I debate for two seconds whether I should try for the back or the front of the house, but since I’m failing to see anything that’s marked servants’ entrance, I decide the front is probably my best bet.
I pass the fountain, the gardens, and the patio, and find myself climbing back up the stairs to the front door. I knock, cringing at the booming echo that it creates on the other side of the door. I look at my hand like it’s betrayed me. I swear I didn’t even knock that hard, and now it sounds like I’m demanding entrance. I step back and try to adopt some kind of mien that will convince Grumpy Lurch that I’m not actually trying to break the door down. I go with a half smile and some innocent blinks.

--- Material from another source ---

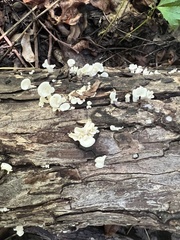 Favolus brasiliensis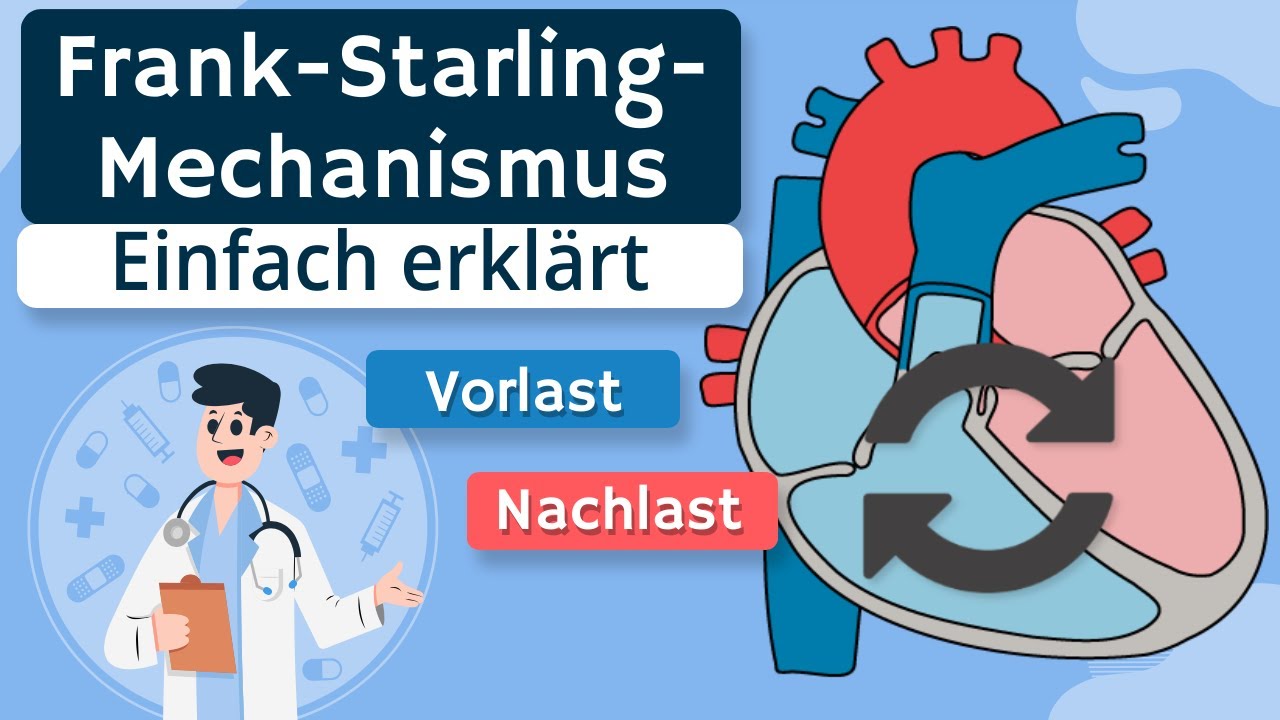 Frank-Starling-Mechanismus einfach erklärt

The door slowly opens with an ominous creak that I swear didn’t happen before, and the butler looks down at me with a sigh. “Yes?”
“Hey there,” I say, giving the butler an awkward two-fingered wave. “Me again.”
His pronounced brow wrinkles with irritation. “Why are you here again?” he asks.
“I was told to come to the main house immediately,” I croak out and then try to clear my throat of the toad that seems to have recently parked itself there.
The longer he looks at me, the more I contemplate just hopping on my moped and booking it the fuck out of here right now, but I keep telling myself that everything is fine, that Grumpy Lurch here doesn’t freak me out. That the trio in the mausoleum weren’t serial killers, and that Iceman isn’t leading me to my demise—either by employment termination or actual death.
Honestly, the only reason I haven’t ditched this whole scene already is because I’m not ready to let go of the daydreams I’ve been swimming in of what it will be like to have some money.
Besides, I could totally be overreacting. I’ve been known to do that from time to time. They’re having a party here tonight and that makes disposing of a body or firing an employee super messy, right? Maybe they really do just want to give me a promotion or something because they think I’m overqualified, though I have no fucking clue why.
“You came to the front door after I informed you earlier to never use the front door again?” he asks, his dark eyes matching the under-eye circles he has going on.
I shift nervously on my feet. At least he hasn’t commented on my outfit. “Yeah, you know, in hindsight, the back door would’ve been a better choice, but slap my ass and call me a rebel,” I joke nervously. He just stares at me. I blow out a breath. “Okay, I’m sorry, but it doesn’t help that you have about fifty back doors. For people who seem to be big fans of labeling”—I point to the name tag still stuck to my tank top—“you think you’d have at least one of those doors labeled with something classy and simple like Peasants Enter Here.”